I read from this question, I have not understood $G$ satisfiable $\implies F$ satisfiable section. In this section case3 is $D$ contains $\bar\ell$.
And author said in the last line "blocked clause (since we haven't used it yet) together with our assumption that $C$ wasn't satisfied by the original assignment $\beta$".
My question is how to use blocked clause definition here? How definition and "$C$ wasn't satisfied by the original assignment $\beta$" use together?
I mean accurately why everything is OK in "case 3" ,yes, using the definition, but please explain how?
We will start from the basic definition and we will use a simple example to support the argument.
Definition: a clause $C$ is blocked by a literal $l \in C$ in a CNF formula $F$ if all binary resolvents of $C$ upon $l$ with clauses from $F \setminus \{ C \}$ are tautologies.

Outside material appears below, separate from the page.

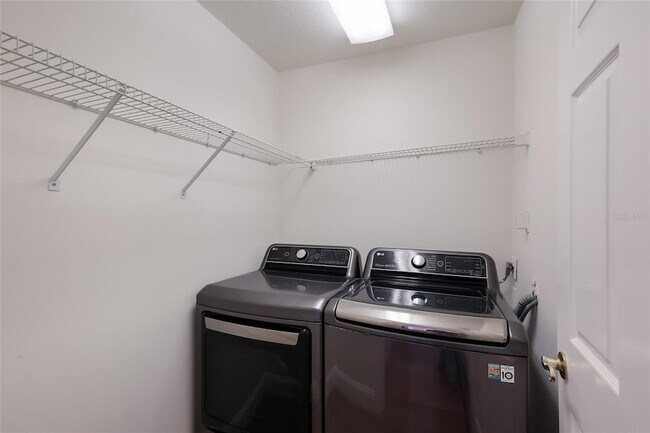 Building Photo - 7111 41st Ln E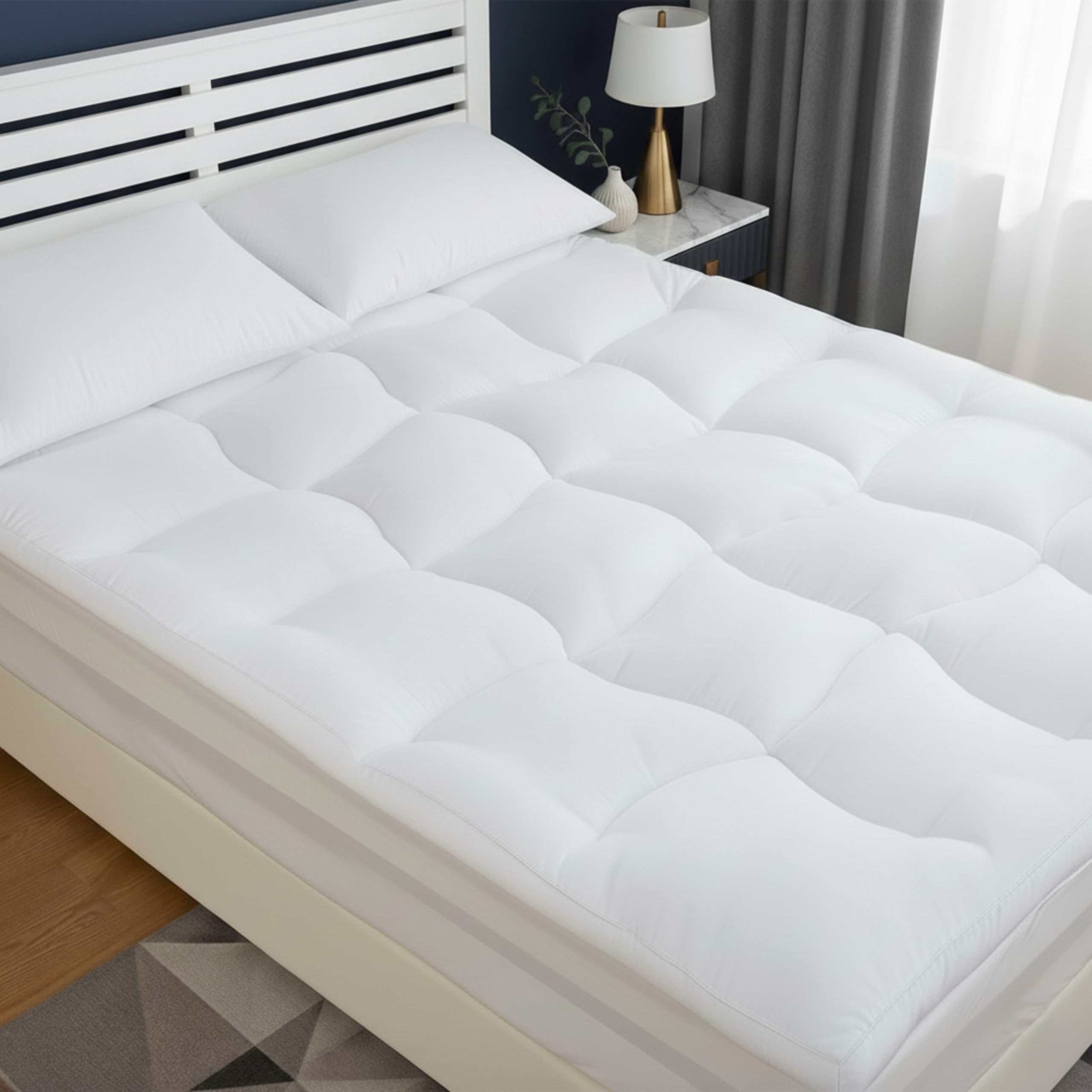 ELOVELA Fluffy Small Double Mattress Topper – 10cm Extra Thick - Soft, Supportive & Hypoallergenic 1200 GSM Microfiber Filling - Machine Washable Mattress Topper for Enhanced Sleep Comfort (122x190cm)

Example: the clause $C = ¬P \lor Q$ is blocked by literal $¬P$ in $F = \{ P \lor ¬Q, ¬Q \lor R \}$ because the only resolvent of $C$ upon $¬P$ is the tautology $Q \lor ¬Q$, obtained by resolving with clause $D = P \lor ¬Q$.

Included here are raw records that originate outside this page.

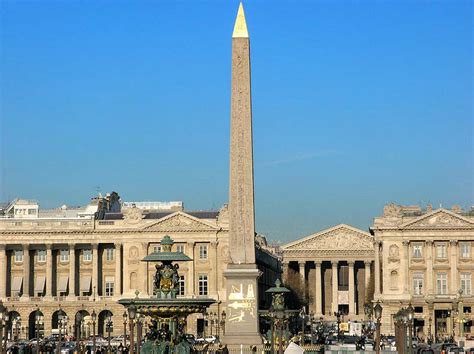 The place de la concorde is bordered by other places of interest, such as the embassy of the united states , the galerie nationale du jeu de paume which used to be the indoor tennis court of napoleon iii, and the musée de l'orangerie. Place de la Concorde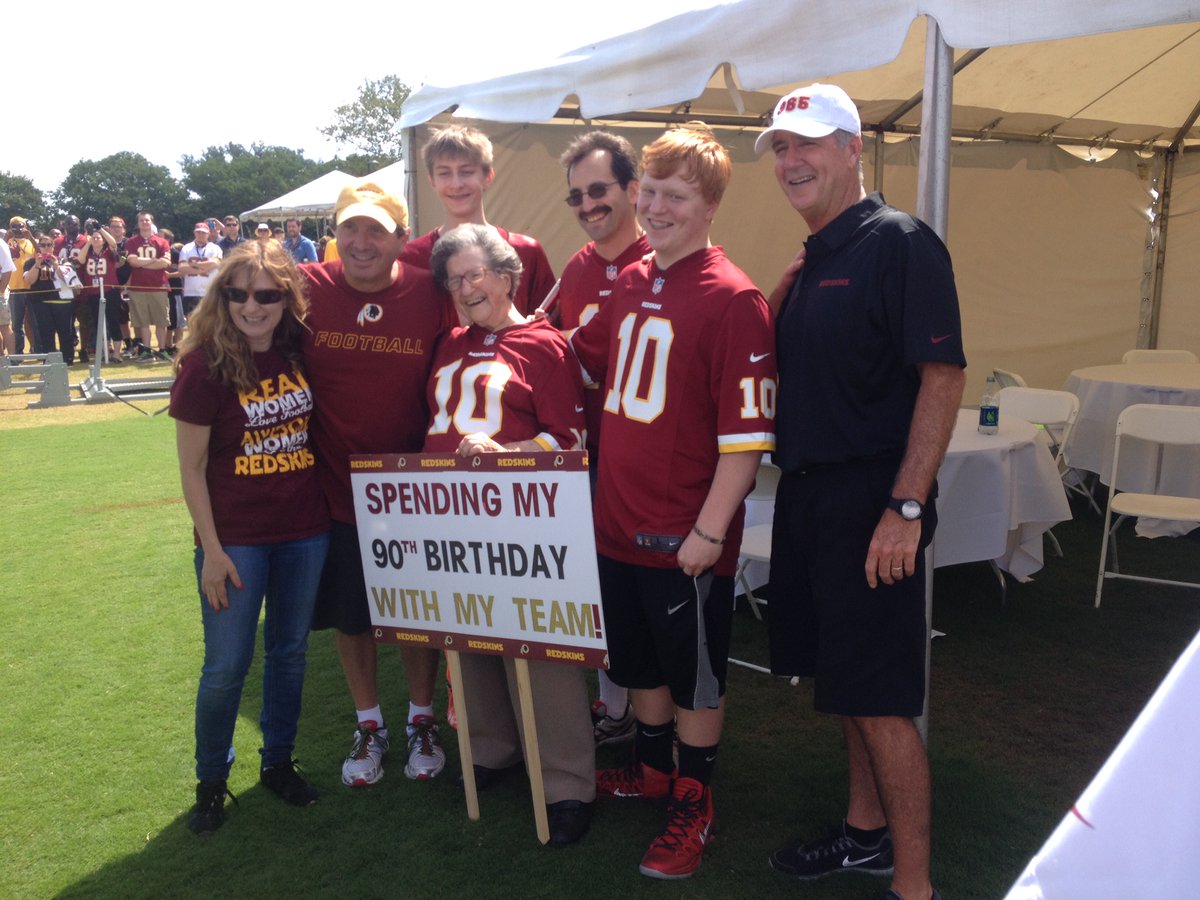 DianesTalking's tweet image. First time I saw Melba was at @Commanders Training Camp, 6/28/14. This 90 yr old fan was in the heat because she LOVED her team. Melba became somewhat of a celebrity! I did this story for @WTOP, right before she passed at age 100. #SuperFan #FreelanceLife loom.ly/sL5Jn6E)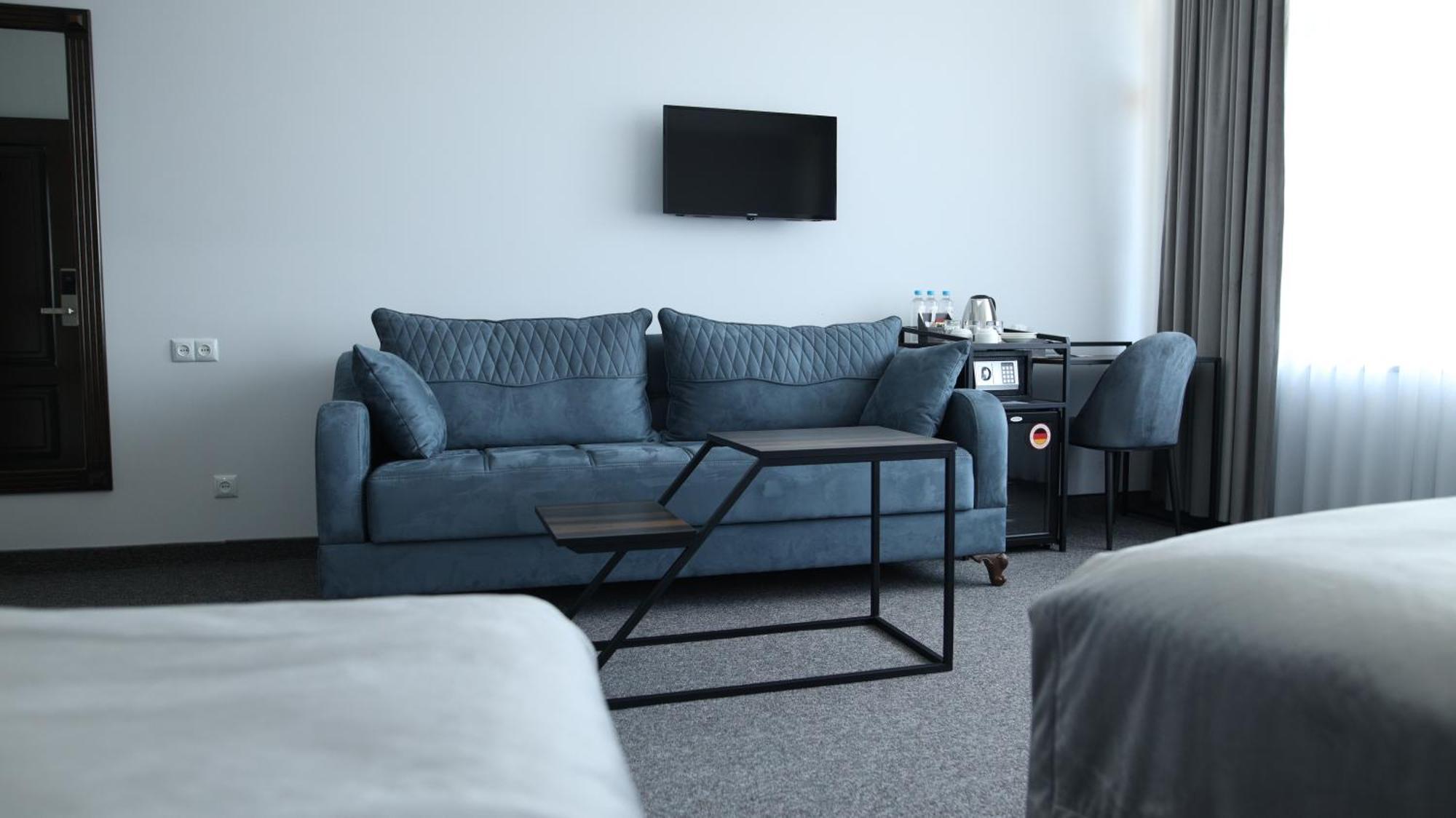 Bmg Hotel By Grigoryans Group Горис Екстериор снимка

The argument assumes that we have some satisfying assignment $\beta$ for $G = F \setminus \{ C \}$ that does not satisfy $F$ and we want to define a new assignment $\beta'$ that will do.

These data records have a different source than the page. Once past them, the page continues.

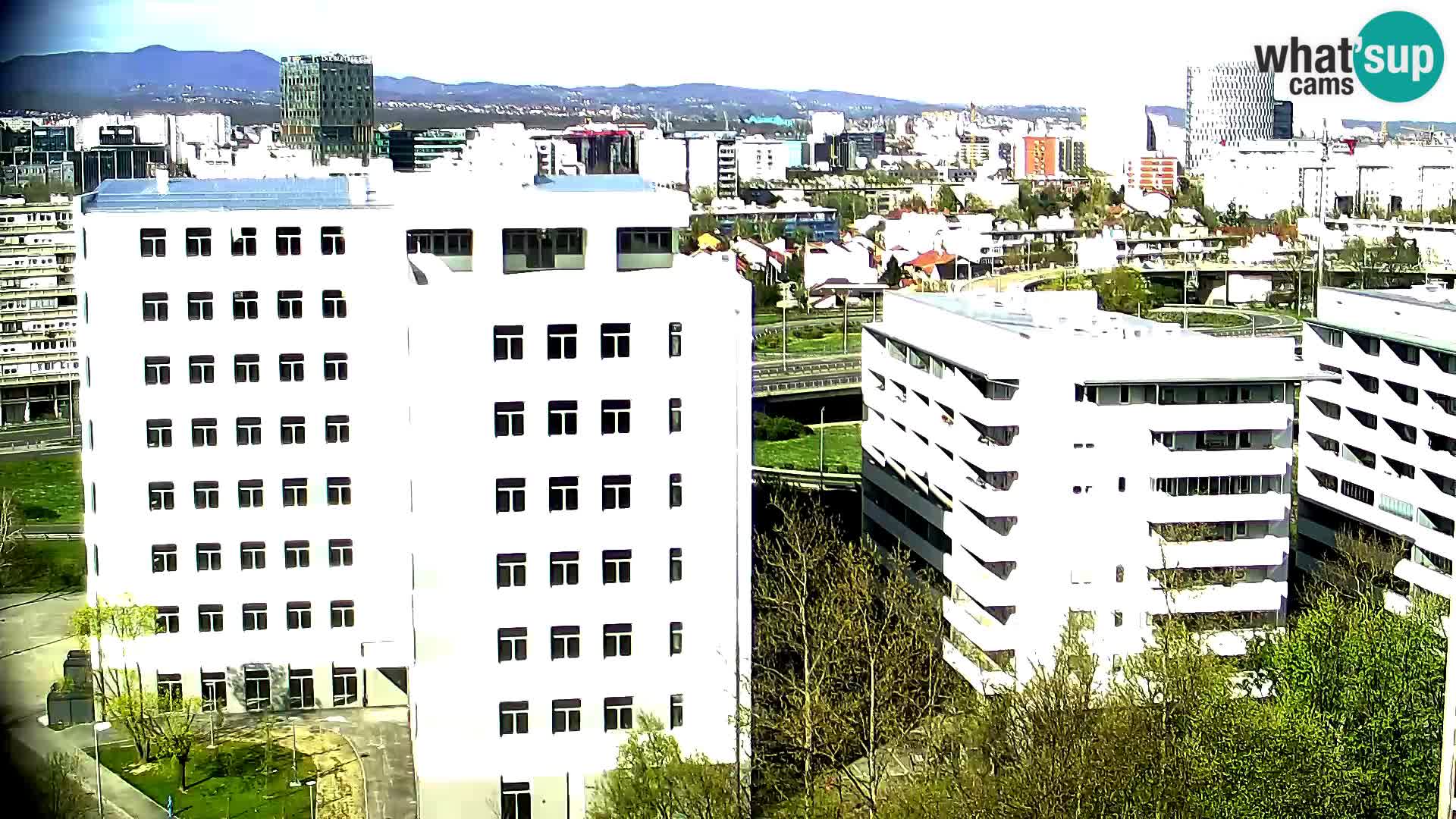 Rotatoria e incrocio viale Slavonska e Marin Držić  – webcam di Zagabria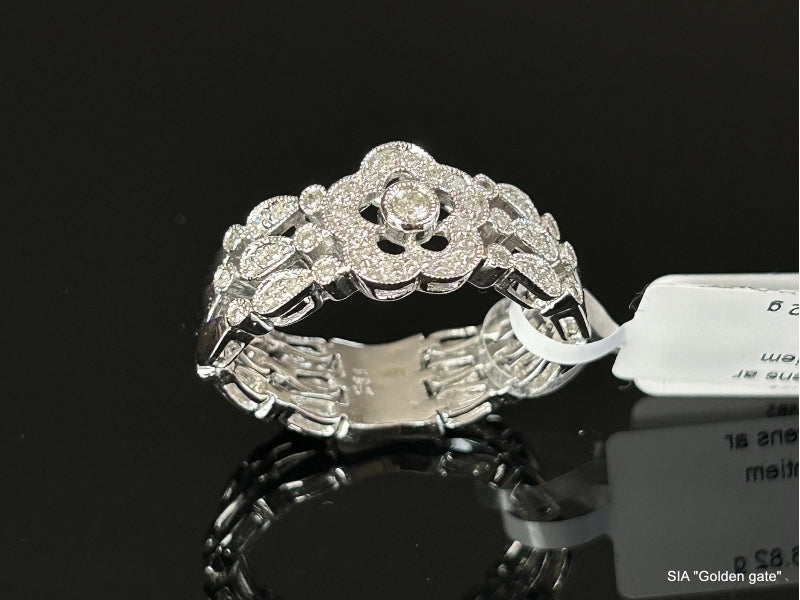 Gredzens ar briljantiem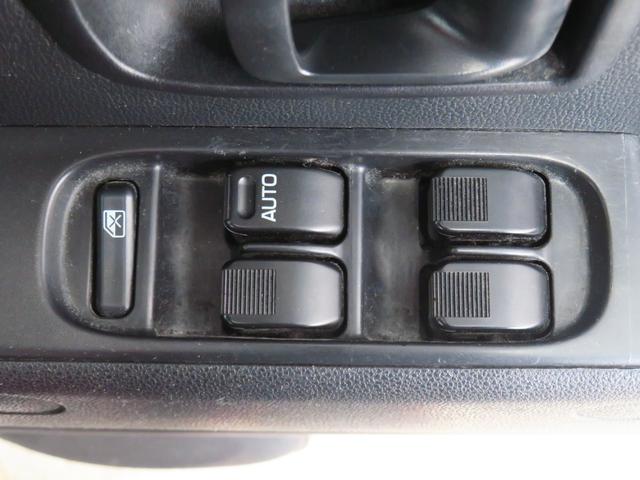 ハイゼットカーゴ クルーズSAIII      2WD 4AT 1年間無料保証 両側手動スライドドア 電動ミラー LEDライト Bカメラ エコアイドル ワンオーナー オートライト マニュアルエアコン キーレスエントリー パワーウィンドウ レベリング 純正フロアマット 記録簿(14枚目)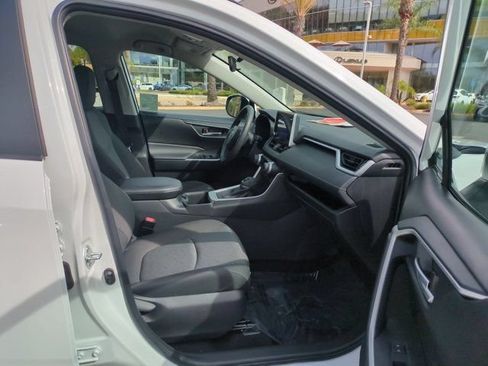 Used 2024 Toyota RAV4 XLE FWD image 28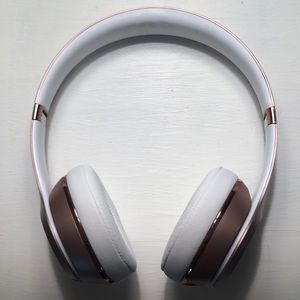 Beats solo 3 headphones
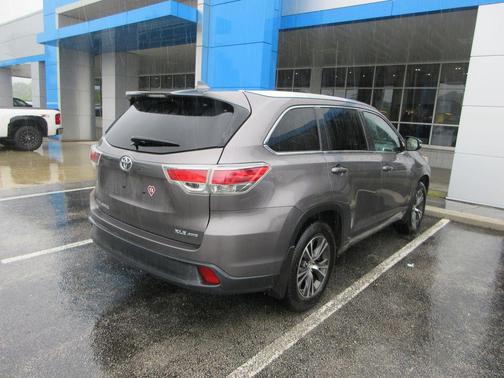 Predawn Gray Mica 2016 Toyota Highlander XLE
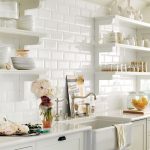 Cucina bianca con ripiani aperti per i piatti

But $F$ and $G$ only differ in the clause $C$, and thus $β$ does not satisfy $C$, i.e. $\beta(C)= \bot$.
The way to satisfy $C$ is to set one of the literals in $C$ to $\top$, but we know only one literal of $C$: the literal $l$ [$\lnot P$ in our example]. So, we try with $\beta'(l)= \top$ (while keeping all other assignments as in $\beta$) that implies $\beta'(C)=\top$, and we have to check how all other clauses of $F$ are satisfied by $\beta'$.
Then three cases: case 1) neither $l$ nor $\overline l$ are in $D$; it is not affected by the new value for $l$. 2) $l \in D$, an thus $\beta'(l)= \top$ implies $\beta' (D)= \top$.
And now case 3): $\overline l \in D$. But we have that $C$ was blocked by $l$ if $F$ and this means that all binary resolvents of $C$ upon $l$ with clauses from $F \setminus \{ C \}$ are tautologies: thus, the resolvent of $C$ and $D$ must be a tautology, i.e. there must be a literal $k \in D$ such that $\overline k \in C$ [see example above, where $C = \lnot P \lor Q$ and $D = P \lor \lnot Q$].
But we have assumed that for the original assigment $\beta$: $\beta (C)= \bot$ that means that every literal in $C$ must be falsified by $\beta$ and thus also $\beta(\overline k)=\bot$, i.e. $\beta (k)=\top$.
Thus, we have $k \in D$ and $\beta' (k)= \beta(k)= \top$ tha means that $\beta'(D)= \top$.